Sunday, November 16, 2008

The economic partition that still grounds us

The economic partition that still grounds us
By M J Akbar

Imagine, if you will, a nation unborn; the map of the Indian subconscious had the Indian subcontinent not been subdivided in 1947 and 1971.

Pakistan and Bangladesh are facts. It is idiocy to sneer at them as failed states. You have to look at facts without the sticky impediment of sentiment. After much consideration, with cold evidence in front of me, I am pleased to announce a personal somersault. After years of examining the validity, or otherwise, of the seeds that nurtured the idea of Pakistan, I am now relieved that it came into existence. Who would ever have believed what Pakistan has grown up into, if it had never been born at all?

Who could have convinced two generations of post-1947 Indian Muslims that Pakistan was not the heaven that had dominated its advertising before Partition? Six decades later, every Muslim of the subcontinent knows that suicide bombs and Kalashnikovs can extract a daily diet of death even in a country where there is no Hindu to call an enemy.
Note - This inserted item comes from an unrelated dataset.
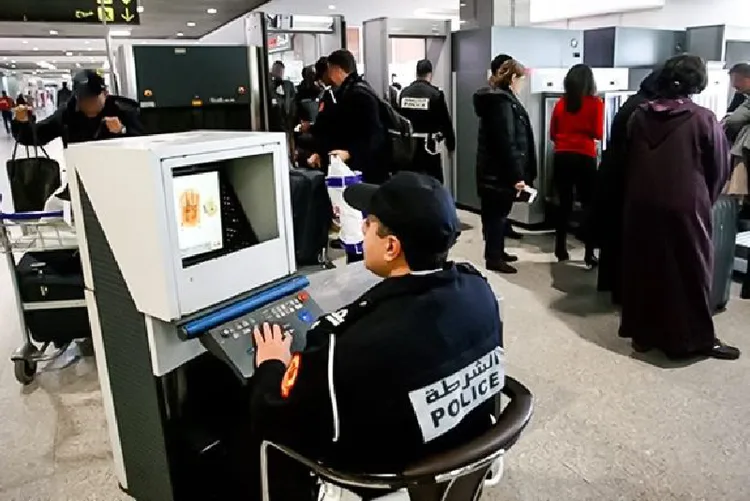 توقيف مواطن تركي بمطار محمد الخامس كان يشكل موضوع أمر دولي بإلقاء القبض صادر في حقه من طرف السلطات القضائية بألمانيا (مصدر أمني)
Facts are the coolest needles to puncture fevered fantasy.

Pakistan was only ever a very partial answer to what the British called the “Muslim question”. By 1971, with the emergence of Bangladesh, the partial became twice partitioned. 1971 also proved that the slogan that created Pakistan, “Islam in danger!”, was a concoction designed to serve politicians, and not save the faith. As Maulana Azad repeatedly emphasized, even when the winds were against him, Islam is a brotherhood, not a ‘nationhood’. If Islam were sufficient to create a modern nation state, the Arabs would not be divided into 22 countries. They even have a language in common.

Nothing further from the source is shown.